SimGAN Paper Notes: Better way to learn from Simulated images
Table of Contents
- Paper on SimGAN (Link )
- My implementation of SimGAN in TensorFlow 2 (GitHub link )
- Apple blog providing training insights (Link ).
Introduction
- As data collection with quality annotation is difficult and expensive, it is more viable to use Synthetic images to train models.
- But there is a problem with using synthetic images, a model trained using synthetic images may learn patterns present only in synthetic images, not in real images as there can be a distribution gap between them.
- To reduce this gap, a GAN-based technique is proposed to “refine” the synthetic samples while retaining their visual features (annotations).
- Collection of synthetic training data is relatively inexpensive compared to obtaining real data with quality annotation.
Proposed Approach
- GANs are used to fit/transform a known distribution to a dataset. This is achieved by using two networks, namely Generator and Discriminator, in an adversarial training cycle.
- The Generator typically is used to convert/transform a random point (noise) in the known distribution to an image. The Discriminator is used to discriminate images generated by the Generator and images in the dataset.
- SimGAN is a variant of GAN with the Generator input being synthetic images and the output being a realistic version of the input synthetic image.
- The objective of the Generator is to “refine” the synthetic images to realistic ones.
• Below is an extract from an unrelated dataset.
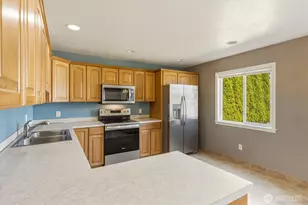4 Parkland Dr, Kalama, WA 98625 - Photo 8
Therefore, Generator is referred to as “Refiner”.
Loss Functions
Discriminator Loss Function
For Discriminator, the loss function is cross entropy
$$ \mathcal{L}{D}(\phi) = -\sum_ilog(D{\phi}(\tilde{x}i)) - \sum_j\log{(1-D{\phi}(y_j))} $$
- Where \(\tilde{x}_i\) represents refined synthetic images \(\tilde{x}_i=R(x_i)\) and \(y_j\) represent real images.
- This is equivalent to the cross-entropy error for a binary classification problem where \(D_{\phi}(.)\) is the probability of the input being a synthetic image, and \(1−D_{\phi}(.)\) is that of a real one.
Refiner
For the Refiner, the loss function here is made up of two parts:
- Adversarial loss
- \(x_i\) represents synthetic images, \(R_\theta\)=refiner, \(D_\phi\)=Discriminator
- By minimizing this loss function, the Refiner forces the discriminator to fail classifying the refined images as synthetic.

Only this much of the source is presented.